ZMPSTE24 is involved in the post-translational maturation step of lamin A. Defects in ZMPSTE24 are associated with the accumulation of prelamin A in the nuclear envelope and lead to premature senescence. hMSCs down-regulated ZMPSTE24 and accumulated prelamin A during replicative or HDAC inhibitor-mediated senescence. The miR-141, which is over-expressed during the senescence process, was able to decrease the ZMPSTE24 expression levels and led to an up-regulation of prelamin A and a DNA damage marker in hMSCs. The transfection of anti-miR-141 prevented the reduction of ZMPSTE24 in VPA/SB-treated cells, resulting in the suppression of the induction of abnormal nuclear morphology. In addition, epigenetic histone markers of the chromatin configuration on the miR-141 promoter region were transcriptionally activated during senescence.

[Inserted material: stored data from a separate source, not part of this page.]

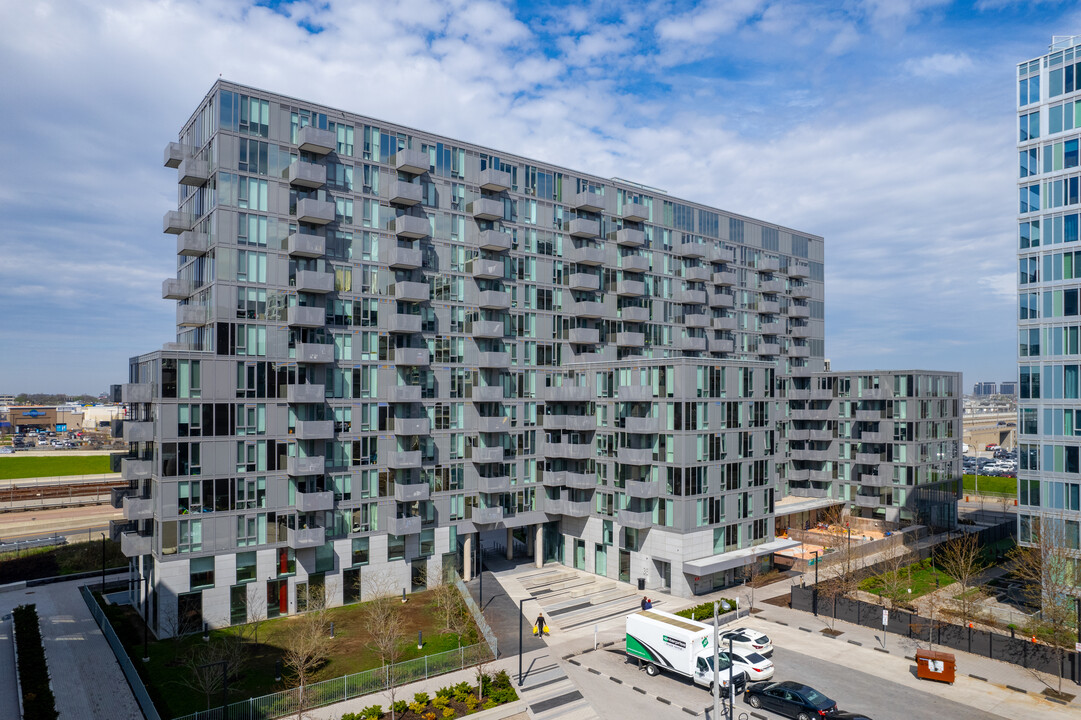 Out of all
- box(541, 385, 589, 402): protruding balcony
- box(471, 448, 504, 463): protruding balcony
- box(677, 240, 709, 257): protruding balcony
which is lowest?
box(471, 448, 504, 463): protruding balcony

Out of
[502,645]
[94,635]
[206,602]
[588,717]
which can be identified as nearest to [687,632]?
[588,717]

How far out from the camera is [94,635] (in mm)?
50500

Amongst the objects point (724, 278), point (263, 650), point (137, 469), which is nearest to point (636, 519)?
point (263, 650)

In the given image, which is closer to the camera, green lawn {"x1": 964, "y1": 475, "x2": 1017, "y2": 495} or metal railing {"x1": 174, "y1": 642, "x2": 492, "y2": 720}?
metal railing {"x1": 174, "y1": 642, "x2": 492, "y2": 720}

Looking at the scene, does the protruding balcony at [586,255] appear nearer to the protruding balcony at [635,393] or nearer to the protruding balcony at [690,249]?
the protruding balcony at [690,249]

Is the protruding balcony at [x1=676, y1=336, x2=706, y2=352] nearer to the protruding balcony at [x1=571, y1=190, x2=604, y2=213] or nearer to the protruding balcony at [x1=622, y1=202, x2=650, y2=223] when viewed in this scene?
the protruding balcony at [x1=622, y1=202, x2=650, y2=223]

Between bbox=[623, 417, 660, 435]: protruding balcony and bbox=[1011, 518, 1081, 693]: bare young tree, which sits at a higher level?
bbox=[623, 417, 660, 435]: protruding balcony

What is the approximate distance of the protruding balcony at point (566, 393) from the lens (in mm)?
66938

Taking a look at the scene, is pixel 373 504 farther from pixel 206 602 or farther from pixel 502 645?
pixel 502 645

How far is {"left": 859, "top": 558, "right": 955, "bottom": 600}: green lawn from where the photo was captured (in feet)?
194

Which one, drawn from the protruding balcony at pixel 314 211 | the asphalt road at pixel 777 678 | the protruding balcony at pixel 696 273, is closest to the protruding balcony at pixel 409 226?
the protruding balcony at pixel 314 211

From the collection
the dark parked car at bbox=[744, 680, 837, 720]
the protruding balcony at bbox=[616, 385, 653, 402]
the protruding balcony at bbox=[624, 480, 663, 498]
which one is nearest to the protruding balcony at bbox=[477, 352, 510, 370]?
the protruding balcony at bbox=[616, 385, 653, 402]

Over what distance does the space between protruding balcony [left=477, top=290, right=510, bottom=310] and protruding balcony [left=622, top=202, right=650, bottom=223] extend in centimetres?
2087

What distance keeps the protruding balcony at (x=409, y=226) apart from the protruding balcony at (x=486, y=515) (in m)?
27.0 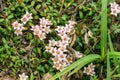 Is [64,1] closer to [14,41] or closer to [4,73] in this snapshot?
[14,41]

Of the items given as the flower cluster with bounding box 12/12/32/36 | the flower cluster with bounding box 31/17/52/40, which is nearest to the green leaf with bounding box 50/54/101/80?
the flower cluster with bounding box 31/17/52/40

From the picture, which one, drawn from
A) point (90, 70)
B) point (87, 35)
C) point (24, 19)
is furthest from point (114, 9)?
point (24, 19)

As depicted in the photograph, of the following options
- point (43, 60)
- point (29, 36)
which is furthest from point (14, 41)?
point (43, 60)

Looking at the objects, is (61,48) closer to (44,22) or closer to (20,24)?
(44,22)

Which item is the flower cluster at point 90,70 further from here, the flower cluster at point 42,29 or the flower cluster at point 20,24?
the flower cluster at point 20,24

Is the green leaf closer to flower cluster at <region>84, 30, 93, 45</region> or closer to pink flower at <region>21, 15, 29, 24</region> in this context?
flower cluster at <region>84, 30, 93, 45</region>

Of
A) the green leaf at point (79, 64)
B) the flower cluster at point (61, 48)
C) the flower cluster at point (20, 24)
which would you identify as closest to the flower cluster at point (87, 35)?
the flower cluster at point (61, 48) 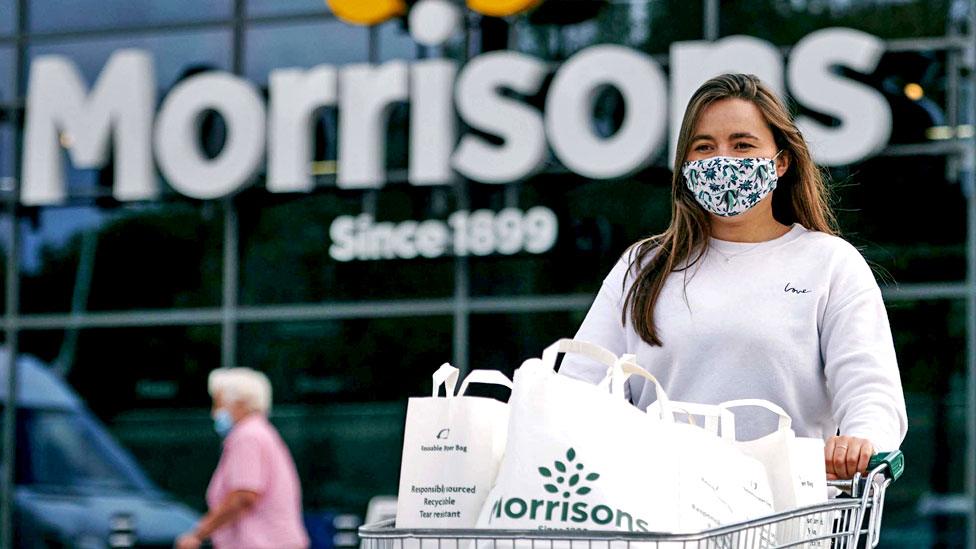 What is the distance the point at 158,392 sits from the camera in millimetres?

According to these results, following conclusions have been drawn:
i) CD49f, a cell-surface molecule, plays important roles in MSC sphere formation and in the determination of the differentiation potential through direct regulation of OCT4 and SOX2.
ii) HMGA2 regulates in vitro aging by repressing p16INK4A, p21CIP1/WAF1 expression through the PI3K/AKT/mTOR/p70S6K signaling pathway.
iii) Histone deacetylase regulates ZMPSTE24 and induces prelamin A accumulation through miR-141 up-regulation.
Taken together, these results provide novel insights into the mechanism by which CD49f, HMGA2 and ZMPSTE24 regulate the stemness and aging of human mesenchymal stem cells.